▶ [Exercise directions] Both the line below containing "Blue/green printed design tank top" and the line containing "Girly Pink Glitter", along with every line between them, should be repeated exactly; no other line belongs in the answer.
--- Records shown Enclosed Below ---
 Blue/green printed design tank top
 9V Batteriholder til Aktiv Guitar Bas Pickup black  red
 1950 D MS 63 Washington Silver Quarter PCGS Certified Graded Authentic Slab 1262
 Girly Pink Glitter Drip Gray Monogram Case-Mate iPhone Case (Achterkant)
--- End of Enclosed Records shown ---
--- Records shown Enclosed Below ---
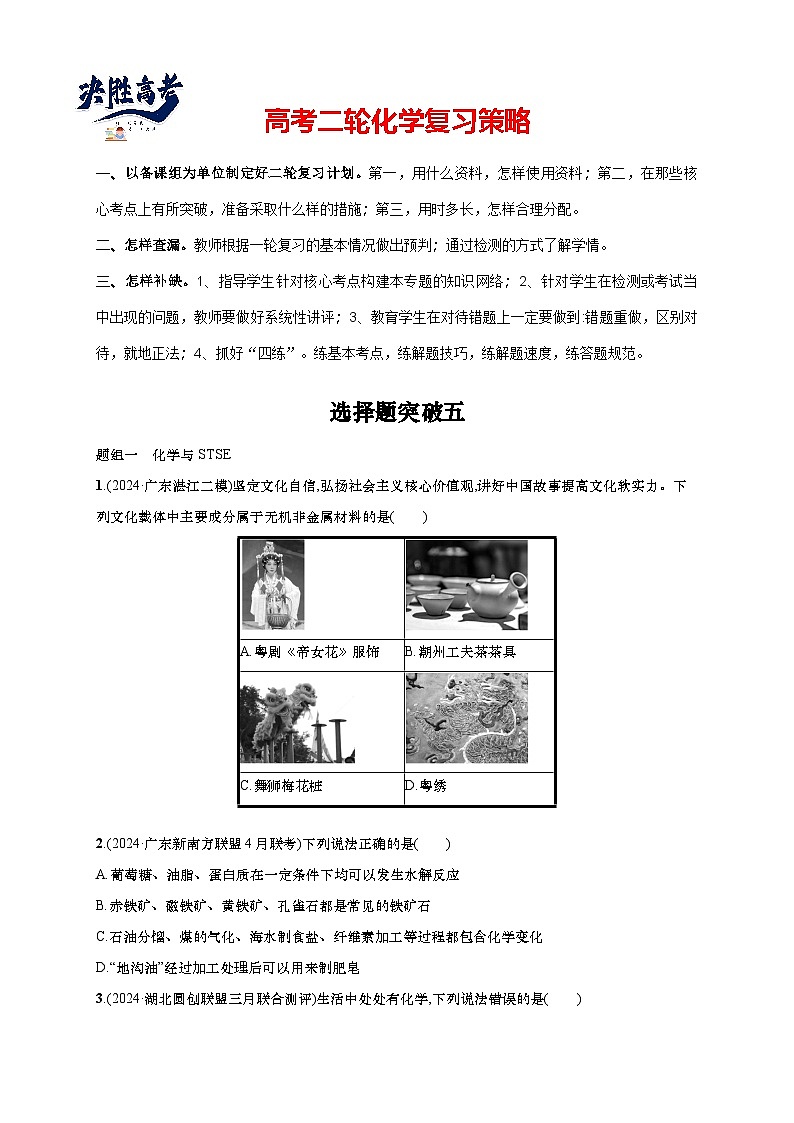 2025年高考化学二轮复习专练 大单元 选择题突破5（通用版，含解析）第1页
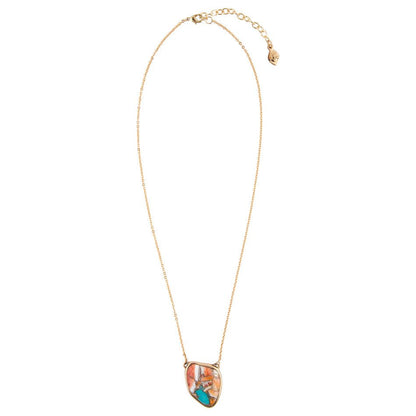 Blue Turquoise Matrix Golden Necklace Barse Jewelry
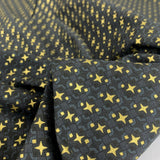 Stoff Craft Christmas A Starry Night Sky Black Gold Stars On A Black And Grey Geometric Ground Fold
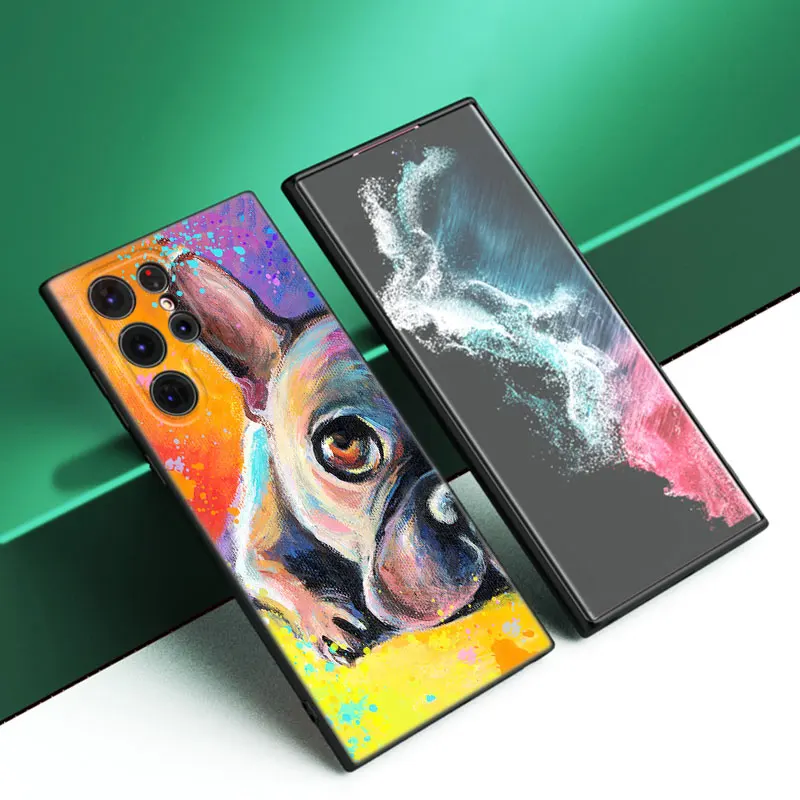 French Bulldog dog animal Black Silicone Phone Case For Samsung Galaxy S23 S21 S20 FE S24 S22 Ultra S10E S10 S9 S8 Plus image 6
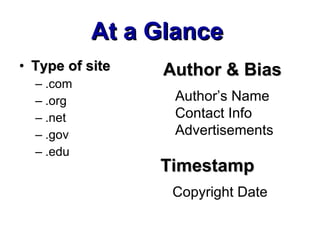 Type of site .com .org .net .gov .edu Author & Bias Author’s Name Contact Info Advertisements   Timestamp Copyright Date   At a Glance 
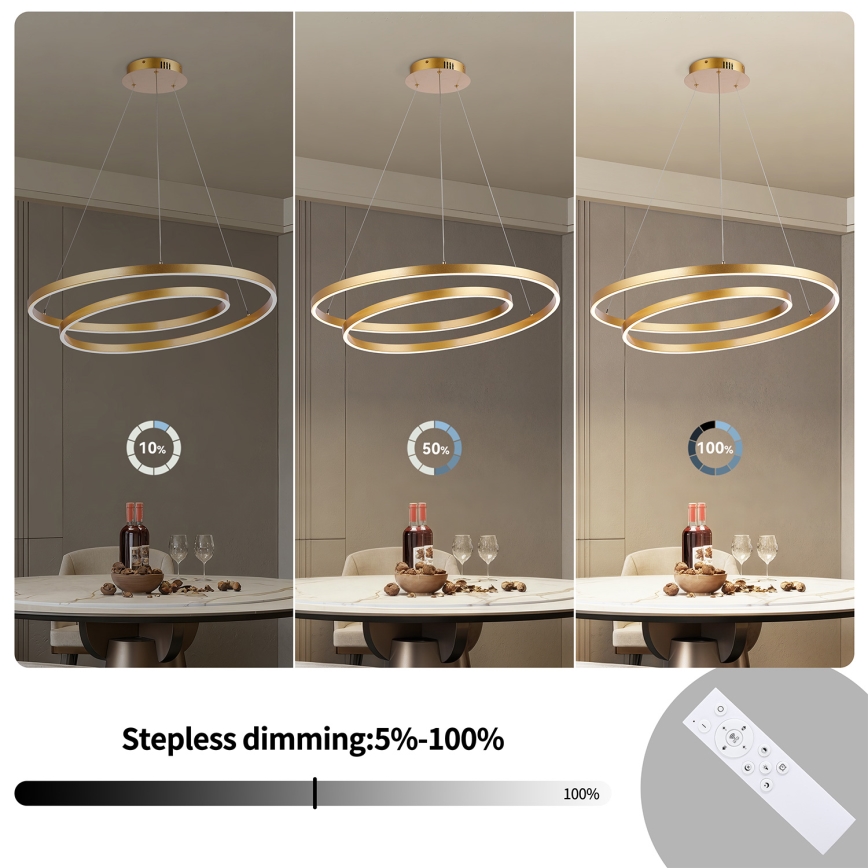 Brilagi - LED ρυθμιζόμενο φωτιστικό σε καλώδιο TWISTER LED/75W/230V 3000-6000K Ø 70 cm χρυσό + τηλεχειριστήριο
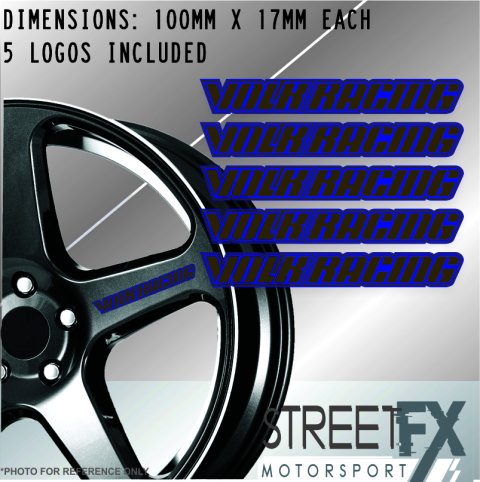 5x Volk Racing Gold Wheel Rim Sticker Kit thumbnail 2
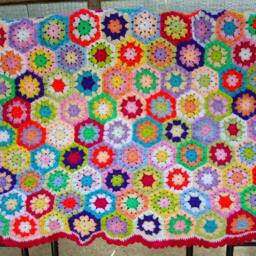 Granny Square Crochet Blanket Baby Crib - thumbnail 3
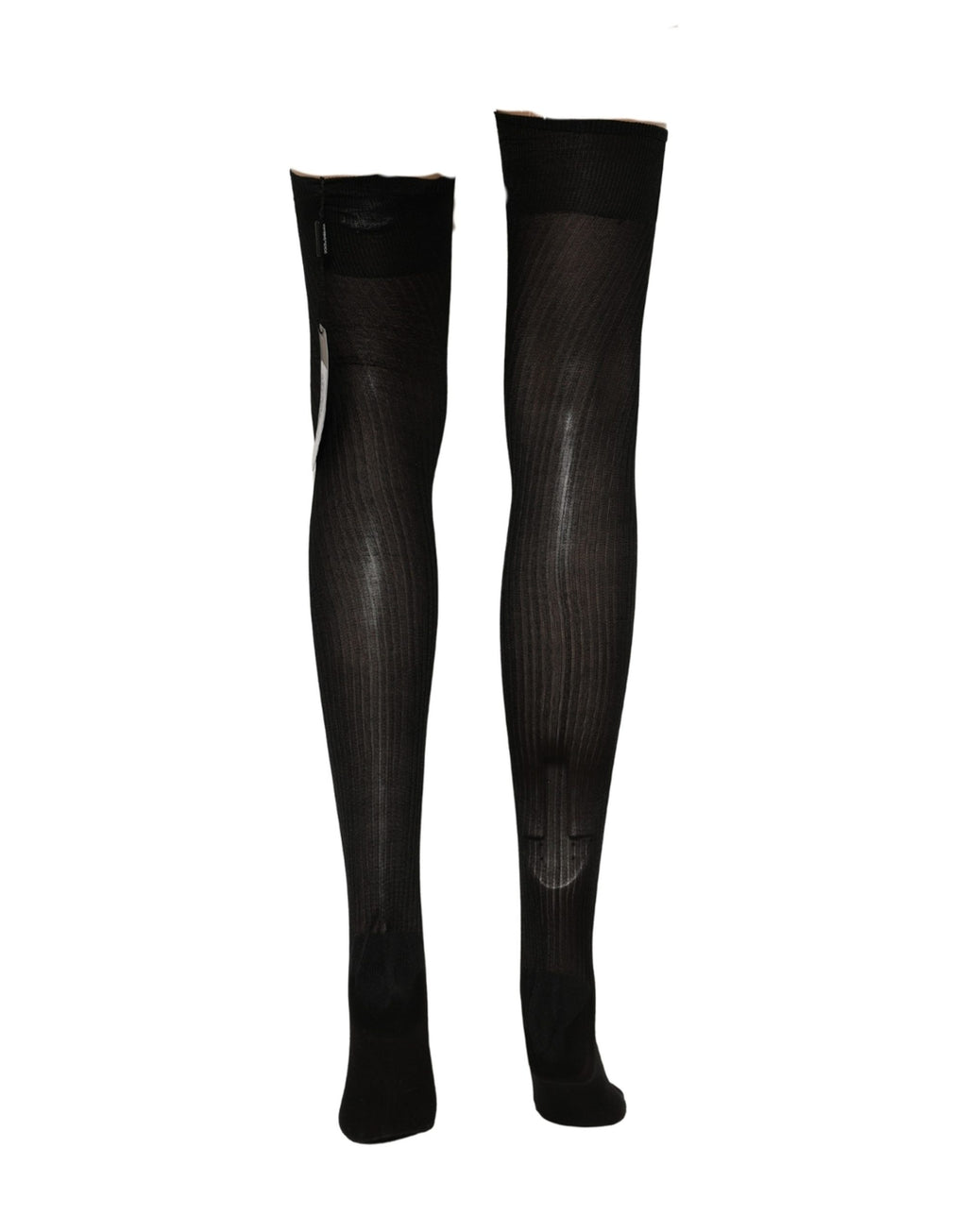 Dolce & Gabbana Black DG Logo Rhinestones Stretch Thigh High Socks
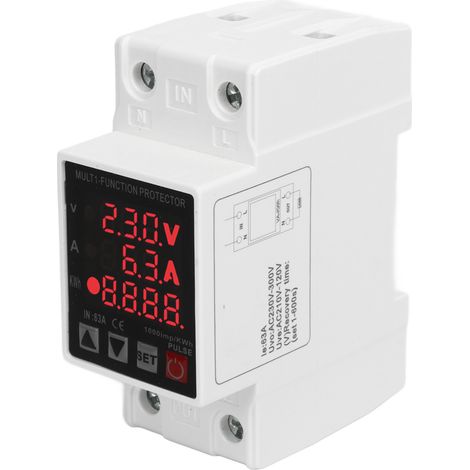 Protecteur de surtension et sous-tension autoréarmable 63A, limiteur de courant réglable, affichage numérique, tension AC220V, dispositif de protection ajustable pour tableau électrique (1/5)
--- End of Enclosed Records shown ---
▶ [Reply]
 Blue/green printed design tank top
 9V Batteriholder til Aktiv Guitar Bas Pickup black  red
 1950 D MS 63 Washington Silver Quarter PCGS Certified Graded Authentic Slab 1262
 Girly Pink Glitter Drip Gray Monogram Case-Mate iPhone Case (Achterkant)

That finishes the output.